Women who are Rh negative ( Rh-) and is having a child for a man who is Rh positive ( Rh+) is at risk.

However, with the estimated low percentage of people with Rh- blood type, this condition rarely occur.

It takes time for a woman’s body to develop antibodies, so first born pregnancies or children aren’t always affected.


Signs and Symptoms of Rh Incompatibility

·        High Bilirubin Level in infants less than 24 hours old (greater than 6.0 milligrams per deciliter)
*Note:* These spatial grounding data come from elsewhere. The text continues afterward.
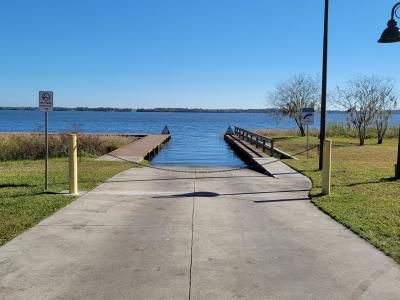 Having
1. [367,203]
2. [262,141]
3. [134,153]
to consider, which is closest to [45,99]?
[367,203]

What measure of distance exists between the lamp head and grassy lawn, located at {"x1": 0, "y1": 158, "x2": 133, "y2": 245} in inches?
302

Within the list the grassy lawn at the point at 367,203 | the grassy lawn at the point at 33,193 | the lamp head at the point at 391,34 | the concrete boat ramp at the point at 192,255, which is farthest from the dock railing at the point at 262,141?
the concrete boat ramp at the point at 192,255

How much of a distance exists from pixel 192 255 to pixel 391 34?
26.0 ft

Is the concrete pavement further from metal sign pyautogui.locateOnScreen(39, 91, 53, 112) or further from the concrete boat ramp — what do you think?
metal sign pyautogui.locateOnScreen(39, 91, 53, 112)

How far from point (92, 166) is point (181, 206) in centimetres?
785

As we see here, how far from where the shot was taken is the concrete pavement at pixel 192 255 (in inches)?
186

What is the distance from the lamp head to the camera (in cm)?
1098

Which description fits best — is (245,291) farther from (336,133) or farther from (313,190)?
(336,133)

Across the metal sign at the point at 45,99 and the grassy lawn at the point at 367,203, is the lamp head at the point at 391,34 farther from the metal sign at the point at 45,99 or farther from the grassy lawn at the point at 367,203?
the metal sign at the point at 45,99

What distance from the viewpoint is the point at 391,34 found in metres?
11.0

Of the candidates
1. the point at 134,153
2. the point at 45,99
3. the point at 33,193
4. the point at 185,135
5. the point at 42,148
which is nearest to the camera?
the point at 33,193

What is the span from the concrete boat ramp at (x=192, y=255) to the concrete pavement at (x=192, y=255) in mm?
12

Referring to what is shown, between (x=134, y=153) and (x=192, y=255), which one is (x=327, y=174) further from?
(x=134, y=153)

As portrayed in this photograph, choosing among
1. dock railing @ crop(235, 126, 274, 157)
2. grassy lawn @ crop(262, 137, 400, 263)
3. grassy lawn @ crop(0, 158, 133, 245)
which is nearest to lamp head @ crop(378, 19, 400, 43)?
grassy lawn @ crop(262, 137, 400, 263) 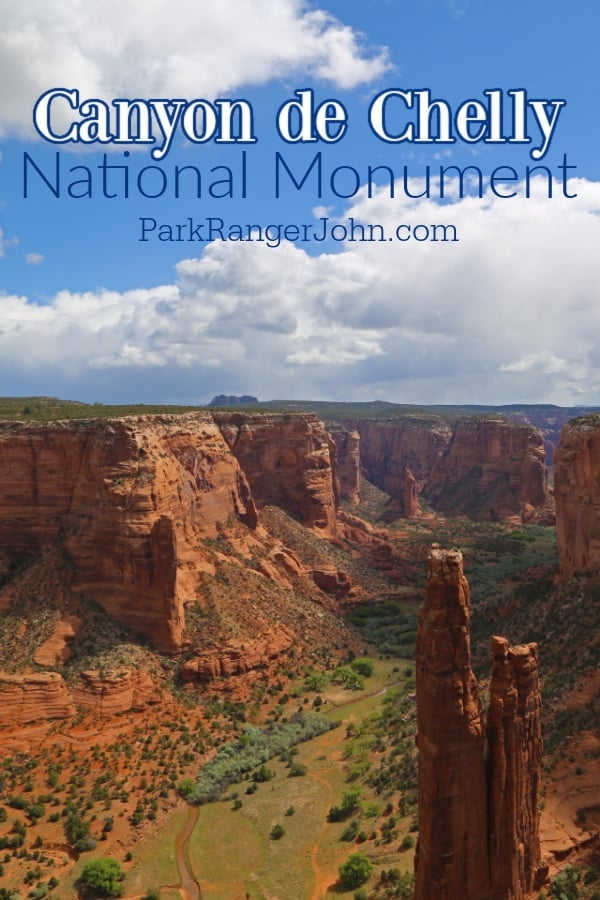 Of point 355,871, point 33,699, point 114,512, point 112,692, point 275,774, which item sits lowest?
point 275,774

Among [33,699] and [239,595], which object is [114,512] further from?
[239,595]

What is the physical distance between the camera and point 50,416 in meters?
68.1

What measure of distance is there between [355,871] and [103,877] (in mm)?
13750

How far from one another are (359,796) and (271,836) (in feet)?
18.9

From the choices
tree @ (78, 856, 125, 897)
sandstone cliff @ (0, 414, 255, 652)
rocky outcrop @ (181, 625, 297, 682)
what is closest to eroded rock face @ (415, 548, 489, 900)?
tree @ (78, 856, 125, 897)

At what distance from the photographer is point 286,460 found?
97812 millimetres

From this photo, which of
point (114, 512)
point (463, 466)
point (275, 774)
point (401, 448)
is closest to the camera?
point (275, 774)

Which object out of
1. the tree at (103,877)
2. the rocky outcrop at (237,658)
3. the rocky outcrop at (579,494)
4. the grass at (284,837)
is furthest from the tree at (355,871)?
the rocky outcrop at (579,494)

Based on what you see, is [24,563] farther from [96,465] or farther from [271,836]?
[271,836]

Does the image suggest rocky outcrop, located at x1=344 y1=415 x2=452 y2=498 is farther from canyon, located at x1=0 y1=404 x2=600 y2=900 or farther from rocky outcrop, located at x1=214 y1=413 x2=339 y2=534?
canyon, located at x1=0 y1=404 x2=600 y2=900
·        Jaundice (Yellowing of the skin and Whitening of the eyes)

·        Lethargy

·        Low muscle tone

·        Brain damage that could lead to Cerebral Palsy

·        Destruction of red blood cells


Diagnosis of Rh Incompatibility

A blood test is conducted at your prenatal visit to determine your Rh status. Coombs test ( through your blood sample ) will then be used to fish out cell destructive antibodies in your blood cells.
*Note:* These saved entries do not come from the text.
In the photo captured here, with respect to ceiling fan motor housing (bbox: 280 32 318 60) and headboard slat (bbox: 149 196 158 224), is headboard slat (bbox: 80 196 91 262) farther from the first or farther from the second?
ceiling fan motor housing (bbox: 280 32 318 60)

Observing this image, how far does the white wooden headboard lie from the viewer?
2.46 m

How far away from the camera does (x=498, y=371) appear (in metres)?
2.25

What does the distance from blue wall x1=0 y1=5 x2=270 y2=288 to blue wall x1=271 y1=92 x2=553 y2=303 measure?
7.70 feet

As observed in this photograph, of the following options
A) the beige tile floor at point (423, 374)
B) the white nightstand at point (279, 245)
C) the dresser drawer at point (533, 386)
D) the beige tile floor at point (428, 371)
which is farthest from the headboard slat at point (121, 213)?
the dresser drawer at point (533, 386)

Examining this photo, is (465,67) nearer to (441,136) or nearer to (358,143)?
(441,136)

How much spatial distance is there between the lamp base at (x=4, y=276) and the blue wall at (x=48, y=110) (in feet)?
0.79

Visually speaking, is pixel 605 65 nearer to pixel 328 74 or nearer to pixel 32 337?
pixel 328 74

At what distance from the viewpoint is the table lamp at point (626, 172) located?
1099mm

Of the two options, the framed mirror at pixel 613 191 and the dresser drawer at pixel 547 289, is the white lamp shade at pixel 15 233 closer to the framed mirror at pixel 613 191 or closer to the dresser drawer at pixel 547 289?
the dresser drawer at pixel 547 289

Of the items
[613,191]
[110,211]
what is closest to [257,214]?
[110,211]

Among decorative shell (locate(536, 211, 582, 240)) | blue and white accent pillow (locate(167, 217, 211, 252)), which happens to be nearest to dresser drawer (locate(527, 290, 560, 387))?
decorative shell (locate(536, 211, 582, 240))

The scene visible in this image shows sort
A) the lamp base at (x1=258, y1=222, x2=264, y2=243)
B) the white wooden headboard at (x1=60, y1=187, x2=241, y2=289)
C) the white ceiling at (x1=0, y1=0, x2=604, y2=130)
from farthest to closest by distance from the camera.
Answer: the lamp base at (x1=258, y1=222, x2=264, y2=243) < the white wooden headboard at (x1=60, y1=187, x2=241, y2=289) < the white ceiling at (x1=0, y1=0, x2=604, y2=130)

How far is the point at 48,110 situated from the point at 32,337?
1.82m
How is Rh Incompatibility treated?

In mild cases, the baby can be treated with:

·        Hydrating fluids

·        Phototherapy

·        Blood transfusions

·        Electrolytes ( they regulate metabolism)
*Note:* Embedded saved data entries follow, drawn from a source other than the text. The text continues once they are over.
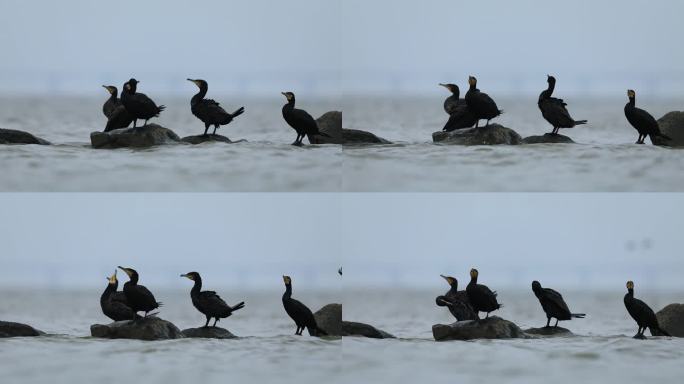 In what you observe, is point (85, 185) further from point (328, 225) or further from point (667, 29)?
point (667, 29)

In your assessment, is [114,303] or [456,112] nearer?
[114,303]

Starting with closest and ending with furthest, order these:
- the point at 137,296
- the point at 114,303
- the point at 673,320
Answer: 1. the point at 137,296
2. the point at 114,303
3. the point at 673,320

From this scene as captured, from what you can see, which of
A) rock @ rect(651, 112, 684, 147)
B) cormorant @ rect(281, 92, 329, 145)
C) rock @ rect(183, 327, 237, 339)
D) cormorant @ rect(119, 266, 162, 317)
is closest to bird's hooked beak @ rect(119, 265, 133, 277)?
cormorant @ rect(119, 266, 162, 317)

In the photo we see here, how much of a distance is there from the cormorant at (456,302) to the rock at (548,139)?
83 cm

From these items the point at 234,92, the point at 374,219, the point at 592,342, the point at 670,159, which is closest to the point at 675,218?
the point at 670,159

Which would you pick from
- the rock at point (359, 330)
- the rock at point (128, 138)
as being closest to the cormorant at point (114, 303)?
the rock at point (128, 138)

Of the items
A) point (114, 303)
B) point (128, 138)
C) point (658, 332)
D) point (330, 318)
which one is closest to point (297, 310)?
point (330, 318)

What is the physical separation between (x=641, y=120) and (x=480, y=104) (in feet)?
→ 2.74

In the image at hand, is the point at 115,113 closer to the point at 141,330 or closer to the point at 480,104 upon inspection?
the point at 141,330

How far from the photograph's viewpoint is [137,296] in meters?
5.29

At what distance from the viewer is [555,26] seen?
18.4ft

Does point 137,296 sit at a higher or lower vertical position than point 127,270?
lower

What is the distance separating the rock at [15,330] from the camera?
Answer: 5.46m

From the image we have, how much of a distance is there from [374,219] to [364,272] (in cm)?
28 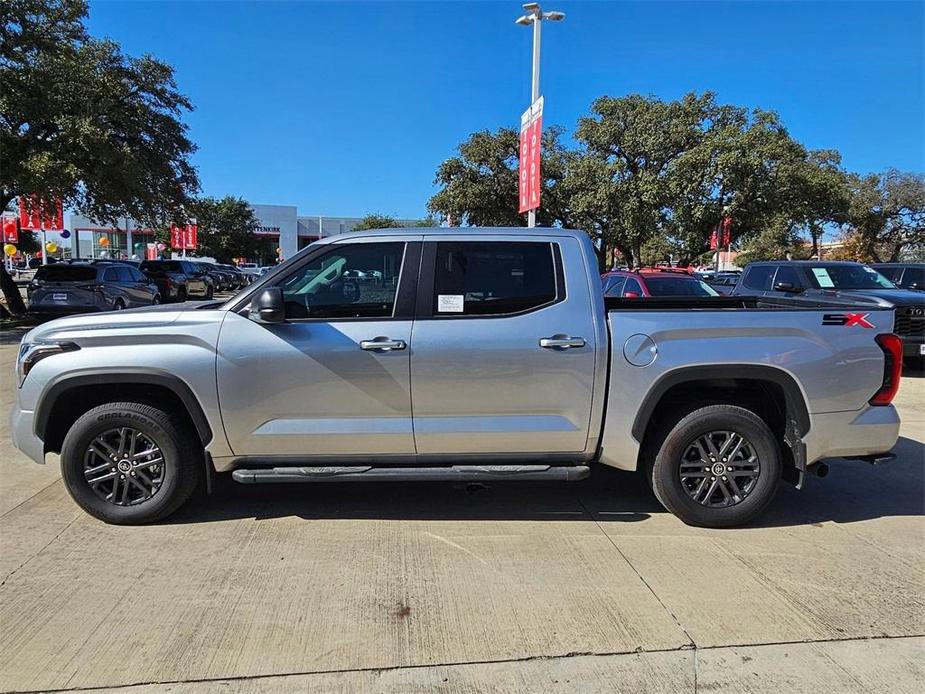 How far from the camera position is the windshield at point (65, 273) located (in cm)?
1470

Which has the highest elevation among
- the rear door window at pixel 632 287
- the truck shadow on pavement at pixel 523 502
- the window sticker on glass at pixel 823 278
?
the window sticker on glass at pixel 823 278

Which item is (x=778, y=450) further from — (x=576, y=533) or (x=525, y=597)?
(x=525, y=597)

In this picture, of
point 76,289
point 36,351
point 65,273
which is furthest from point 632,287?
point 65,273

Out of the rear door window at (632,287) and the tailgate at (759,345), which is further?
the rear door window at (632,287)

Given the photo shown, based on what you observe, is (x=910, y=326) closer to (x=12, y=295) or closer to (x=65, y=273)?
(x=65, y=273)

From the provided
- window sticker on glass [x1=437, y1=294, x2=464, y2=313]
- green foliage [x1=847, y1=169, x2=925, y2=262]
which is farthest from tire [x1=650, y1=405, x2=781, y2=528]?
green foliage [x1=847, y1=169, x2=925, y2=262]

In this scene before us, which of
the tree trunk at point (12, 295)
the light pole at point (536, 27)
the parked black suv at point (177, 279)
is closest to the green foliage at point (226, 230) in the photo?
the parked black suv at point (177, 279)

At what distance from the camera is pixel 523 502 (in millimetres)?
4660

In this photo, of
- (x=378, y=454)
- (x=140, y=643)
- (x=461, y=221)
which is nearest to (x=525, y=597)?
(x=378, y=454)

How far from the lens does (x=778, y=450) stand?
4125 mm

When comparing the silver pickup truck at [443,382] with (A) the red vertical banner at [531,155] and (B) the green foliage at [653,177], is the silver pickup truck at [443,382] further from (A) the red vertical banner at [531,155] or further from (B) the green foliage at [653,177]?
(B) the green foliage at [653,177]

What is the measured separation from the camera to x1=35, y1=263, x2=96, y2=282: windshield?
1470 cm

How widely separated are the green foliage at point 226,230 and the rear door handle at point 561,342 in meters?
60.6

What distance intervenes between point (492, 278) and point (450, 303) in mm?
332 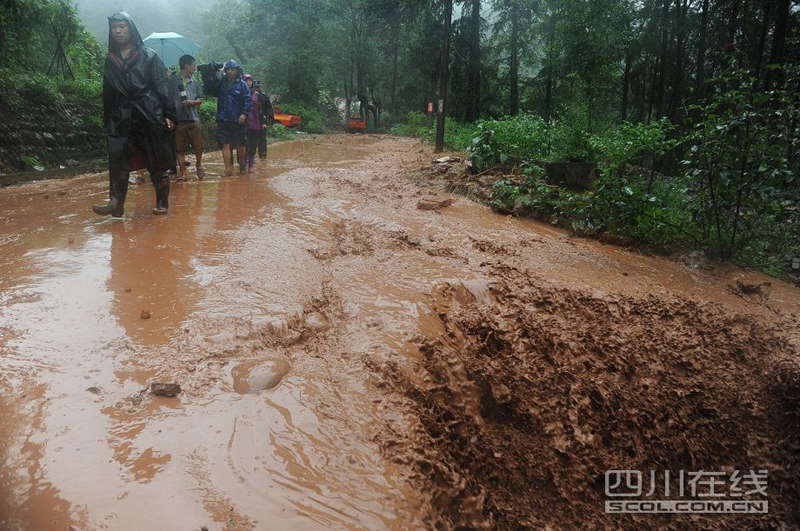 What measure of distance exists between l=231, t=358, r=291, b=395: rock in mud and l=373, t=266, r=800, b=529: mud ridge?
1.73 feet

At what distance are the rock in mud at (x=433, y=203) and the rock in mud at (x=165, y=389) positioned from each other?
461 cm

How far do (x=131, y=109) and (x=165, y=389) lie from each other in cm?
365

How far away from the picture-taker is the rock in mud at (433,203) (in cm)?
653

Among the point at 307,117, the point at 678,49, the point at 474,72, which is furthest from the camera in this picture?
the point at 307,117

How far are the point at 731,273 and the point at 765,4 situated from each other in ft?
38.6

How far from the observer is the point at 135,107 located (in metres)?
4.88

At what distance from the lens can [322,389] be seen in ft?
8.06

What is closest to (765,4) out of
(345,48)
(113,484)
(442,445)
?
(442,445)

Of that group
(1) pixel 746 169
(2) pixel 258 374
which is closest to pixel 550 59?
(1) pixel 746 169

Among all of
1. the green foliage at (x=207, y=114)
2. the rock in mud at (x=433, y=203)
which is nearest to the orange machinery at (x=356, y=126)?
the green foliage at (x=207, y=114)

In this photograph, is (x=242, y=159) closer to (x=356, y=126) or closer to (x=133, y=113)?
(x=133, y=113)

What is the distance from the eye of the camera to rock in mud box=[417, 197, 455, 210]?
21.4 ft

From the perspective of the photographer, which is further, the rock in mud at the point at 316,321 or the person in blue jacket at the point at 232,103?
the person in blue jacket at the point at 232,103

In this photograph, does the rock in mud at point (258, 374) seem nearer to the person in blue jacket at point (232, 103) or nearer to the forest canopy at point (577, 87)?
the forest canopy at point (577, 87) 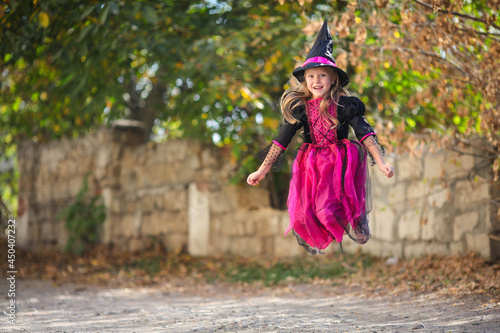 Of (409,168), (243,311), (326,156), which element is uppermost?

·        Keeping baby under fluorescent lights to reduce bilirubin levels in blood


These procedures may be repeated until excess bilirubin and negative antibodies have been flushed out from the babies blood.

Also, if diagnosed of an Rh Incompatibility, your pregnancy should be closely monitored. Getting an Injection of Rh immune globulins during your first trimester, a miscarriage or while bleeding during pregnancy can prevent severe complications of Rh Incompatibility. If your baby has Rh+ blood type, you should get a second Injection a few days after childbirth.

In severe cases, series of blood transfusions can be done while still pregnant or after delivery.


Rh Incompatibility Complications

·        Heart failure

·        Anemia

·        Seizures

·        Swelling or Fluid build-up

·        Kernicterus ( brain damage)

·        Mental function, movement, hearing and speech problems

Rh Incompatibility is preventable and consultations with your doctor is highly advisable as to what best approach to take.

Note that; treatment of Rh Incompatibility gives a positive outcome mostly in mild cases while in severe cases, positive outcomes are rare and if not properly taken care of or treated could result to death of the baby.